Le 21 août 2025, un rapport du Center for Strategic and International Studies (CSIS) a confirmé l’existence d’une base militaire secrète en Corée du Nord, baptisée Sinpung-dong Missile Operating Base. Située à seulement 27 km de la Chine, cette infrastructure accueille des missiles balistiques intercontinentaux (ICBM) de type Hwasong-15 et Hwasong-18. Les analystes y voient un tournant décisif dans la stratégie nucléaire et dans l’équilibre de la dissuasion régionale.
Sinpung-dong : une base militaire dissimulée au cœur de la stratégie nord-coréenne
Le rapport du CSIS détaille que la base de Sinpung-dong est active depuis 2014, après près d’une décennie de construction entamée en 2004. Elle abriterait une unité de type brigade, avec 6 à 9 ICBM et leurs véhicules lanceurs (TEL), capable de déployer rapidement des engins vers des zones de lancement en cas de crise, explique le CSIS cité par le Wall Street Journal.

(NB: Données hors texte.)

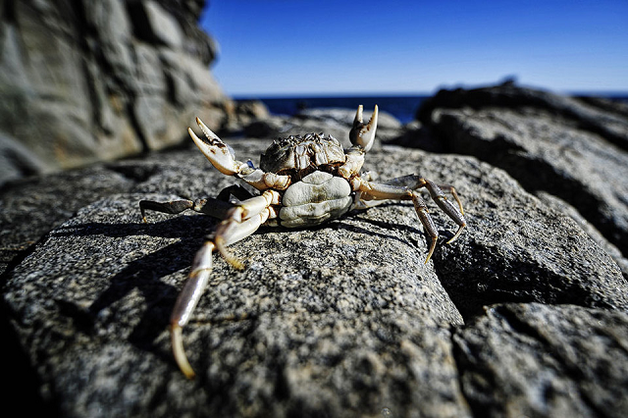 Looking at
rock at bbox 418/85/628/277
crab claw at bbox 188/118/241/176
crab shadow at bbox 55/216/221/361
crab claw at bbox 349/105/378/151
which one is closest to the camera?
crab shadow at bbox 55/216/221/361

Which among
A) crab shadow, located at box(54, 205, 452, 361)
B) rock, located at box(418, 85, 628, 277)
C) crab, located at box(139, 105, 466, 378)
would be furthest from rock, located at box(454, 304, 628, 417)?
rock, located at box(418, 85, 628, 277)

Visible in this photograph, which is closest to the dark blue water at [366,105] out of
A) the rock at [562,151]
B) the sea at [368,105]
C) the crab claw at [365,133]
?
the sea at [368,105]

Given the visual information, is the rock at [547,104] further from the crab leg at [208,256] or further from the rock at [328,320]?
the crab leg at [208,256]

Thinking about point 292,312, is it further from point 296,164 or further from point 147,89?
point 147,89

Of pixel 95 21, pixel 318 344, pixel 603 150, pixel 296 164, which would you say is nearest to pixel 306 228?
pixel 296 164

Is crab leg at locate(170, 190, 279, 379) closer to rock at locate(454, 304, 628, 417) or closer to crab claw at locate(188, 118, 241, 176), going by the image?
crab claw at locate(188, 118, 241, 176)

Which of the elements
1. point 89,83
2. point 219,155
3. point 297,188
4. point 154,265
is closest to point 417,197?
point 297,188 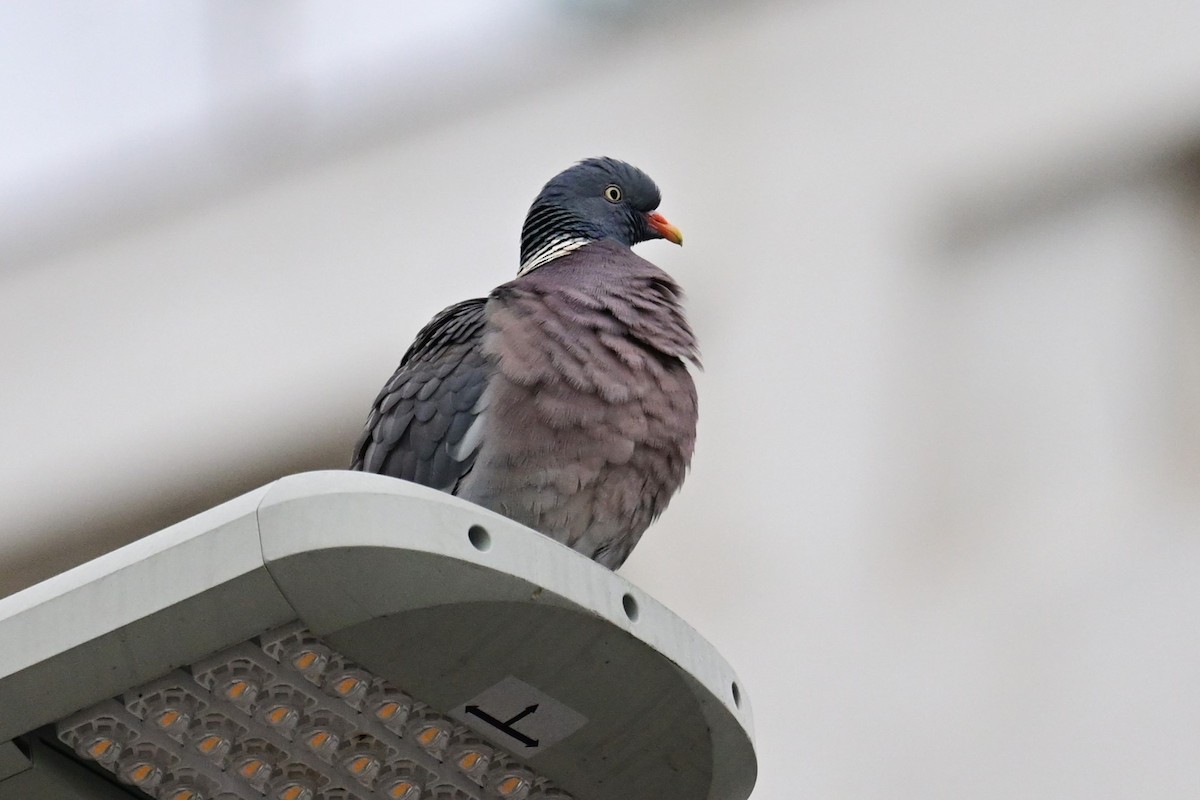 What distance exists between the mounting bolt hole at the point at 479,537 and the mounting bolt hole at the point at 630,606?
0.16 m

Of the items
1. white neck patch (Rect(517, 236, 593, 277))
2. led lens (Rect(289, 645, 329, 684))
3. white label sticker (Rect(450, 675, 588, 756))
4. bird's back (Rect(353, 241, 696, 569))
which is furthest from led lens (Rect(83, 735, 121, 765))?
white neck patch (Rect(517, 236, 593, 277))

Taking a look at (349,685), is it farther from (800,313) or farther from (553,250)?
(800,313)

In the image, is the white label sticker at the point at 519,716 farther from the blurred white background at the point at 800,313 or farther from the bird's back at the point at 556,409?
the blurred white background at the point at 800,313

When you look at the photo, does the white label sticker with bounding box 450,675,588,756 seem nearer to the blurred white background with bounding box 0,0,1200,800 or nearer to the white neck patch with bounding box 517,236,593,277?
the white neck patch with bounding box 517,236,593,277

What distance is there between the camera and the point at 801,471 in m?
5.44

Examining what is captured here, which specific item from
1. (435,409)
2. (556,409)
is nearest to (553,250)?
A: (435,409)

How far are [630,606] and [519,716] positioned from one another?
7.1 inches

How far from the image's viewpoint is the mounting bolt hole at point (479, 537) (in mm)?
1732

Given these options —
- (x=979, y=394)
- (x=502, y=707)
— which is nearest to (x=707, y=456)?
(x=979, y=394)

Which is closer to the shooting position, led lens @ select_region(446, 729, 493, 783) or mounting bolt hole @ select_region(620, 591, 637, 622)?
mounting bolt hole @ select_region(620, 591, 637, 622)

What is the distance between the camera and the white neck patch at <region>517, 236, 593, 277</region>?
A: 11.5 feet

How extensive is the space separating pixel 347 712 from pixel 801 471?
12.1 ft

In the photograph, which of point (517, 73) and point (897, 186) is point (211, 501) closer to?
point (517, 73)

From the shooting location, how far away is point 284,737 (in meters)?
1.86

L’absence de plateformes fixes et de systèmes de défense visibles est notable. Selon le Wall Street Journal, cela suggère une configuration centrée sur des missiles balistiques mobiles à propergol solide, difficiles à détecter et capables d’être lancés en un temps réduit. Victor Cha, spécialiste de la Corée au CSIS, explique : « La Corée du Nord n’aurait pas besoin de beaucoup de temps pour tirer ces engins, ce qui complique toute tentative de frappe préventive ».
Capacités techniques des missiles et menace nucléaire accrue
La Corée du Nord dispose déjà du Hwasong-15, un ICBM à carburant liquide capable de parcourir plus de 13 000 km, donc de toucher l’ensemble du territoire américain avec une charge réduite. Ces engins exigent toutefois plusieurs heures de préparation avant lancement, ce qui limite leur efficacité opérationnelle.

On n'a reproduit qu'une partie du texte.